Durante meses me dediqué a desfragmentar capas geológicas de fotografías, telares a medio hacer, relojes pulsera y despertadores, juegos de porcelana sin usar, agendas, vajilla, ropa, costureros, abrecartas, mi primer cuaderno, mi primer diente de leche , mis primeros aritos, mis cartas de Alemania y demás intrascendencias. Los 6.500 libros de mi padre fueron a parar a la Universidad de Tucumán, armé 24 cajas con sus manuscritos y sus clases de historia de las religiones que ahora guarda una amiga piadosa, regalé los muebles y doné el resto. Me quedé con algunas cartas, algunas fotos dedicadas y un juego de porcelana belga . Algún día habrá que decidir qué hacer con ese resto. Intuyo que ese día no va a llegar muy pronto.
Lo llamativo de ese pasado, que ahora sobrevive en casa de primos, amigos, conocidos y personas que no conozco, no hacía que yo sintiera lo que se siente en el hecho de dar, sino más bien lo contrario, una secreta gratitud, un alivio recóndito : la felicidad de que los objetos permanezcan en la vida de otros.

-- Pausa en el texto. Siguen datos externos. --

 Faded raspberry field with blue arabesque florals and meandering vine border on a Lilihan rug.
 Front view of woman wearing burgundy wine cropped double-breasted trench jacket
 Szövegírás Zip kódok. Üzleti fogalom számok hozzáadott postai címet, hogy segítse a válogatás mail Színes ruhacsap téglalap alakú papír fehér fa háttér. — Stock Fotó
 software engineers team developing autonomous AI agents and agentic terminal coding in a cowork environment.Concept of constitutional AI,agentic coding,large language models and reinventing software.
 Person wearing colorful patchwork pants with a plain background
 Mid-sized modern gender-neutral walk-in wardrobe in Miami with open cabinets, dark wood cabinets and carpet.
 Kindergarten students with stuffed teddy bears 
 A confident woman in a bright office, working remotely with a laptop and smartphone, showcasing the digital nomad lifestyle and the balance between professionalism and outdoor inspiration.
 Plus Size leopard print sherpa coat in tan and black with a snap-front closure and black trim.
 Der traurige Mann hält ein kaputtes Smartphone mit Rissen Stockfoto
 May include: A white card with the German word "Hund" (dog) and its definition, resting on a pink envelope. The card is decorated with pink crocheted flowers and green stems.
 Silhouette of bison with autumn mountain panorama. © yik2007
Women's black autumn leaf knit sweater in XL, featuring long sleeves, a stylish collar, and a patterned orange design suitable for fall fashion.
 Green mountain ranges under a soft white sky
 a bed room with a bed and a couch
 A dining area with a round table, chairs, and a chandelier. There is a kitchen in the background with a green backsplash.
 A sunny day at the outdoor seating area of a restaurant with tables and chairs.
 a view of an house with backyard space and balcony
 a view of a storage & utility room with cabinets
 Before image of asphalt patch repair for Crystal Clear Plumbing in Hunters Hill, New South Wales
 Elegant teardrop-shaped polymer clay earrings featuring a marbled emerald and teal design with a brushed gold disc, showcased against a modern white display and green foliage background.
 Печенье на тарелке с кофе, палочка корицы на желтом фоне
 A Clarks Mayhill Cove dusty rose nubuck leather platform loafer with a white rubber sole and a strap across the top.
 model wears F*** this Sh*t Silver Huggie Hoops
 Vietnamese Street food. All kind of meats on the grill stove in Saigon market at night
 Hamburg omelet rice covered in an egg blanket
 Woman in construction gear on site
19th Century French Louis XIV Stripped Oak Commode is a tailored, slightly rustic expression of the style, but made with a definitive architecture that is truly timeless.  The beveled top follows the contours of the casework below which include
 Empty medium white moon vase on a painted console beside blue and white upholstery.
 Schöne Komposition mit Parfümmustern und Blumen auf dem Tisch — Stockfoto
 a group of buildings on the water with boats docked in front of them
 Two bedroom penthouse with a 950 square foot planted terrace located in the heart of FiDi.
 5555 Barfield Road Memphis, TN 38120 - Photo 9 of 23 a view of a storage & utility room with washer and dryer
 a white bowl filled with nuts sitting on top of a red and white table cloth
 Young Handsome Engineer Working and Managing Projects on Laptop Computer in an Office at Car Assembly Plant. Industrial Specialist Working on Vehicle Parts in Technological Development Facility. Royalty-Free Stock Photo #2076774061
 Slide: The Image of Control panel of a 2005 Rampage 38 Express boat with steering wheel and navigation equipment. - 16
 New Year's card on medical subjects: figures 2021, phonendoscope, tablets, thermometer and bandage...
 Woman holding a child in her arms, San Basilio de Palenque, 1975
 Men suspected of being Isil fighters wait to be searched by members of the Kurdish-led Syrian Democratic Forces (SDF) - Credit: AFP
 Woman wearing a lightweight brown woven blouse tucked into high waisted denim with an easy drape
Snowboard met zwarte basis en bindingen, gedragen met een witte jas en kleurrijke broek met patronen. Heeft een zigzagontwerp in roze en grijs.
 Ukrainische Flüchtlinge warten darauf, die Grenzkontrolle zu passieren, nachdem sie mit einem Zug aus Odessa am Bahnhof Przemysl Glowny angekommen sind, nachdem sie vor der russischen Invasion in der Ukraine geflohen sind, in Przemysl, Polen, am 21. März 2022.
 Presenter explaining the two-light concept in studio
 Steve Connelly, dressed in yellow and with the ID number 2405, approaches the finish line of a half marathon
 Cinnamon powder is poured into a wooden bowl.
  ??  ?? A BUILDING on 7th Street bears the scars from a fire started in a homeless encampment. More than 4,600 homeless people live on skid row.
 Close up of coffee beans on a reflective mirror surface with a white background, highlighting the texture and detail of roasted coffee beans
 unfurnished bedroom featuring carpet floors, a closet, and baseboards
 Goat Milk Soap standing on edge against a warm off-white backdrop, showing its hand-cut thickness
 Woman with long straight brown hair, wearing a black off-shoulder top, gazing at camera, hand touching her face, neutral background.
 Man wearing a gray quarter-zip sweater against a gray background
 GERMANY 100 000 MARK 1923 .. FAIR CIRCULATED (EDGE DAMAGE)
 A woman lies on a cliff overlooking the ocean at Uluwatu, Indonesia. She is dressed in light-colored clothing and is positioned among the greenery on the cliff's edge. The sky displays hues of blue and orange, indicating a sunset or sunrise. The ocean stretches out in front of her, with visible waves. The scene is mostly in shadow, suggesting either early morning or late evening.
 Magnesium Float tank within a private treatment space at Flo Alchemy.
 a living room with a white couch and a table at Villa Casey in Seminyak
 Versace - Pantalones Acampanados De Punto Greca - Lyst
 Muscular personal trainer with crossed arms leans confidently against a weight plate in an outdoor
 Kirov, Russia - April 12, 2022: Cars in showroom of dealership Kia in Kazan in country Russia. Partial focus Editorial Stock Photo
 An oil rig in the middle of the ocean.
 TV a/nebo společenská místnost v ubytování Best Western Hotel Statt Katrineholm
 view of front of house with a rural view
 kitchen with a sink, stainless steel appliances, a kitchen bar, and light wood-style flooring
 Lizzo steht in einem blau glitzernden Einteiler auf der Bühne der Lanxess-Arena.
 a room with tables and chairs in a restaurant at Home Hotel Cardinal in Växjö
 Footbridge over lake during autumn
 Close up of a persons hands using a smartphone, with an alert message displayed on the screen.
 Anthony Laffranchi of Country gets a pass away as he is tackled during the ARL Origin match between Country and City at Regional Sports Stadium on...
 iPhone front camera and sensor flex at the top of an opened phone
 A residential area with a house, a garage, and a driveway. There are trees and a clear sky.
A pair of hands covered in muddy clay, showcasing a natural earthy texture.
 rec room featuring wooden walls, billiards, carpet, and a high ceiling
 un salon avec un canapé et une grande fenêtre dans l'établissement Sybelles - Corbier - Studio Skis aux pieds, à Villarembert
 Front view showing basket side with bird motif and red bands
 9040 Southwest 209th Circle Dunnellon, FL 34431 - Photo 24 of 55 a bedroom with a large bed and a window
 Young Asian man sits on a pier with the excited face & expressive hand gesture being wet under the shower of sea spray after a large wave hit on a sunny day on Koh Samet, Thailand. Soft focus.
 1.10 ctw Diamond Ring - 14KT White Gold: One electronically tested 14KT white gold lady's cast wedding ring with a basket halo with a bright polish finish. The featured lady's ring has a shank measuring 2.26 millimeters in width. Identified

Y aquí viene a cuento el relato de John Berger cuyo tema era, si se quiere, el adiós ya no a los muertos, sino a sus pertenencias, a las huellas domésticas de su paso por la vida. El narrador visita a un amigo a quien acaba de morírsele la mujer. Por toda la casa hay rastros de ella, el color del marco del espejo que pintó , la disposición de la cama del dormitorio, los rododendros en flor del pequeño jardín. El amigo ha donado todo lo que le pertenecía con mucho empeño, ocupándose de que, ya por necesidad o por cariño, cada elemento fuera recibido por alguien capaz de darle un uso específico. Sin embargo, no ha podido desprenderse de unos dibujos de plantas que la muerta realizó a lo largo de los años. No les veía el valor que podrían tener para un tercero. Entendiendo su desolación, el narrador le dice que los clasifique. Nada más que eso: que los clasifique.
Yo leí ese relato mientras deshacía el departamento de mis padres. Ahora no sé si mi interpretación da con el sentido que quiso darle Berger, pero en aquel momento comprendí que esa clasificación, que implicaba preparar los dibujos de la muerta para un destino eventual, era la manera más humilde de poner en orden la vida que se fue y la vida propia. Eso me ayudó a aceptar lo que con creces se resiste a ser aceptado: la finitud. La nuestra y la de los otros.
Gabriela Massuh es escritora argentina. Directora de la editorial Mardulce. Es autora de las novelas "La intemperie" (Interzona) y "La omisión" (Adriana Hidalgo)
Estos textos fueron publicados en la sección "Mundos íntimos" de Clarín, durante 2012.